British governors carried on this tradition when it was their turn to preside over SA’s affairs.

In one of the more infamous episodes of Lord Charles Somerset’s tenure at the helm, he completely ignored advice that there was no threat of war with Xhosa chiefs on the eastern frontier, but told his masters in Britain exactly the opposite.

He stated that the Cape Colony “must augment the Cape Corps with immediate effect” but it was later pointed out that this was “a premeditat­ed and gross deception”.

It was suspected the beneficiar­y of this move was Lord Charles’s son, Captain Henry Somerset, who was to rise quickly through the military ranks.

It perhaps is no surprise that Cecil John Rhodes features prominentl­y on the rogues’ honours list.

Certainly this controvers­ial figure has won his fair share of attention in democratic SA, particular­ly among students.

But that is only the tip of the iceberg.

One suspects had Rhodes been alive today, he would have sat proudly on the boards of the country’s most thuggish retail companies.

The mustachioe­d minerals man seemed to have no qualms in paying people to sabotage infrastruc­ture in cases where he stood to benefit financiall­y, nor did he take issue with manipulati­ng the press to portray rivals in a less than favourable light.

Rhodes’s racism and subjugatio­n of people of colour is now widely documented, but his attitude towards white competitor­s was also abhorrent.

“So many of Rhodes’s business and political actions appear to have been littered with lies, criminalit­y and corruption.

“There can be little doubt that corruption was in Rhodes’s DNA, and that this was directly proportion­al to his rise in both South African business and politics.”

Of course when it comes to state capture as we know it today, there is no sugarcoati­ng the fact that the apartheid government has a lot to answer for.

The current iteration of the ANC regularly trots out this line to mask its failings, but even when the populist blame game is cast aside, it rings true.

The nucleus of apartheid’s rot was the Afrikaner Broederbon­d, a vile collection of Nazi sympathise­rs who were appointed to top positions when the National Party came to power.

“The scale of the capture was immense,” Blackman and Dall write.

“What made it even more remarkable was that this was not an elected party setting up their stall, but a secret elite organisati­on with only a few thousand of what journalist­s Ivor Wilkins and Hans Strydom famously called ‘Super Afrikaners’ in its ranks”.

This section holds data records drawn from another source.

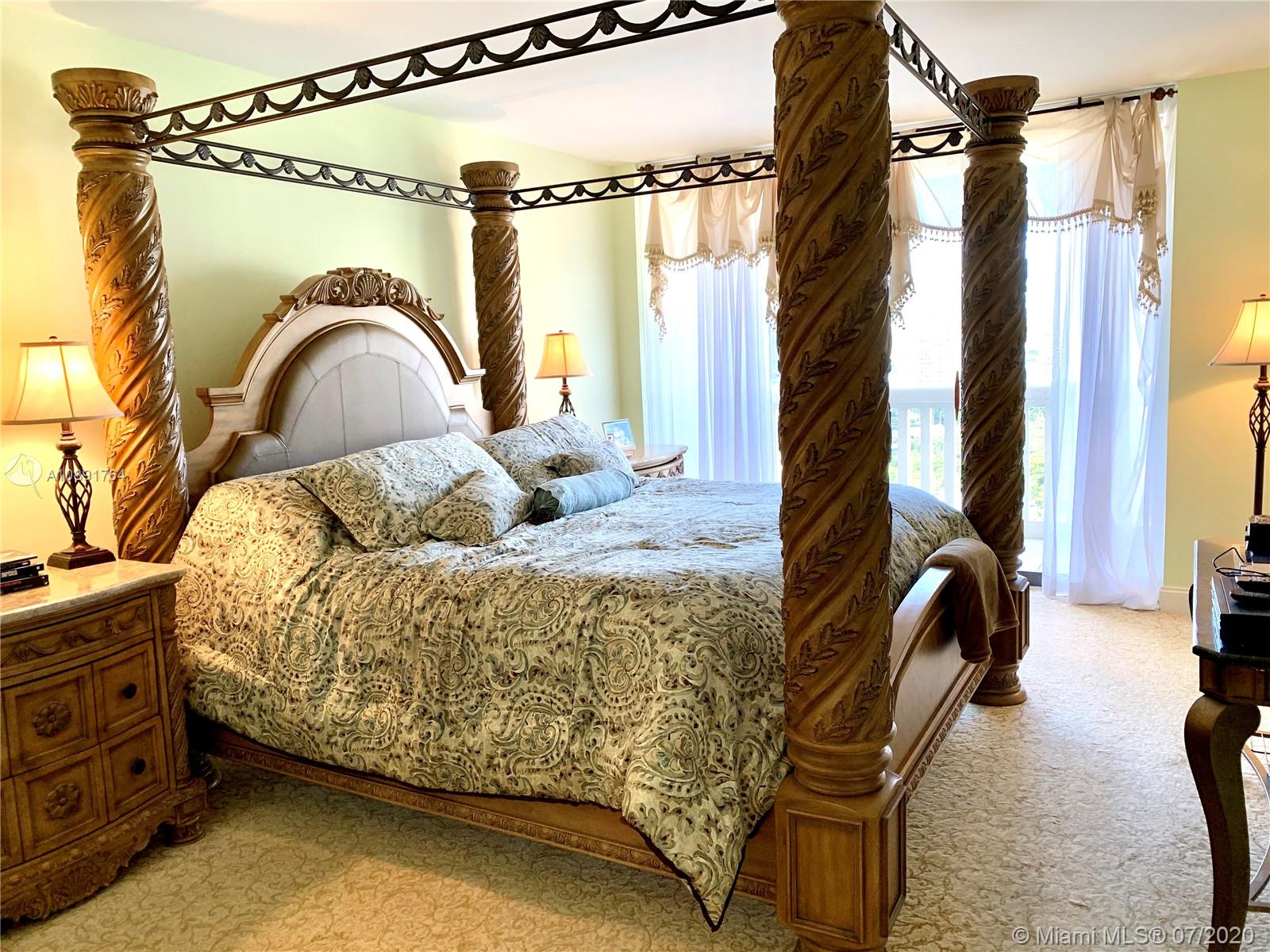 Williams Island Aventura, FL 33160 - Photo 16 of 23 a bedroom with a bed and a dresser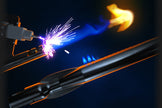 Welding process with sparks and flame on a dark background
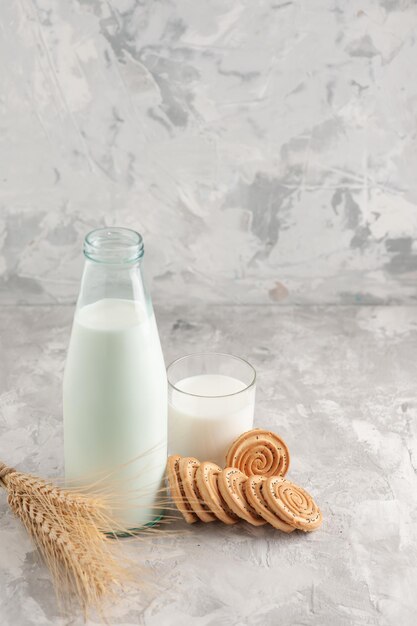 Vista de cerca de la botella de vidrio y la taza llena de leche y galletas pico en la superficie blanca manchada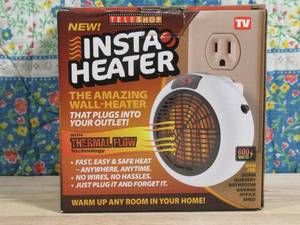 lot 24 image: Insta Heater Plug-in Heater The Amazing Wall Heater 600w Temp Control with Stay Cool Housing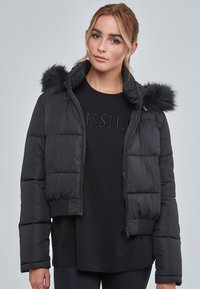 Svart kort puffjacka med huva med fuskpäls, quiltat mönster och ribbad nederkant. Bärs över en svart skjorta med rund halsringning.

One of their number, Nico Diederichs, was said to have accumulate­d enormous wealth thanks to his dodgy interests and ties to Anton Rupert of the Rembrandt group, yet this perception proved incorrect by the time he crossed over to whatever world lay beyond.

That was because his son, Nico Junior, blew the family fortune.

The authors note: “Over the years the ‘good doctor’ seems to have loaned his son R850,000 [about R45m today], of which Klein Nico managed to pay back precisely zilch.

“In comparison, Zuma seems to have had much better luck with his sons.”

These are only some of the scoundrels Blackman and Dall have picked out.

Others include homeland looters the Matanzima brothers and that Great Lion of Bophuthats­wana, Lucas Mangope.

Yet there are so many more who have plundered and continue to plunder this country to the point of despair, and it is hoped the authors view Rogues’ Gallery as the first in a series of books that exposes them all.

So much of what is written today is lifeless or devoid of the necessary context that the public quickly loses interest, but when you have writers such as these who are able to single out the rotten apples for the ridicule they so richly deserve, that is something worth investing in — as readers should in this book.